■ **THE PROBLEM**: From the listing below, copy only the lines running from the line that contains "700ml – 高級酒・希少酒の" to the line that contains "ساهم في كفالة", both included.

■ **PROVIDED DATA**:
* * *

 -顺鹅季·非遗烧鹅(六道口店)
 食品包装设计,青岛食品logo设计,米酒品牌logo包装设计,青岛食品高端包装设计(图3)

* * *

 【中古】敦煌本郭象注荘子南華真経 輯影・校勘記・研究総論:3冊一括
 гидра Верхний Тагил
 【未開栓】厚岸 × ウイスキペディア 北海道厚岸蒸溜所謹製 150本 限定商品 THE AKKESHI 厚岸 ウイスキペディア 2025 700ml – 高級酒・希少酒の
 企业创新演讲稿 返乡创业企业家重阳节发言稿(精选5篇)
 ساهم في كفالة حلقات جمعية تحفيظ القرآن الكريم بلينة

* * *

■ **WRITTEN ANSWER**:
 【未開栓】厚岸 × ウイスキペディア 北海道厚岸蒸溜所謹製 150本 限定商品 THE AKKESHI 厚岸 ウイスキペディア 2025 700ml – 高級酒・希少酒の
 企业创新演讲稿 返乡创业企业家重阳节发言稿(精选5篇)
 ساهم في كفالة حلقات جمعية تحفيظ القرآن الكريم بلينة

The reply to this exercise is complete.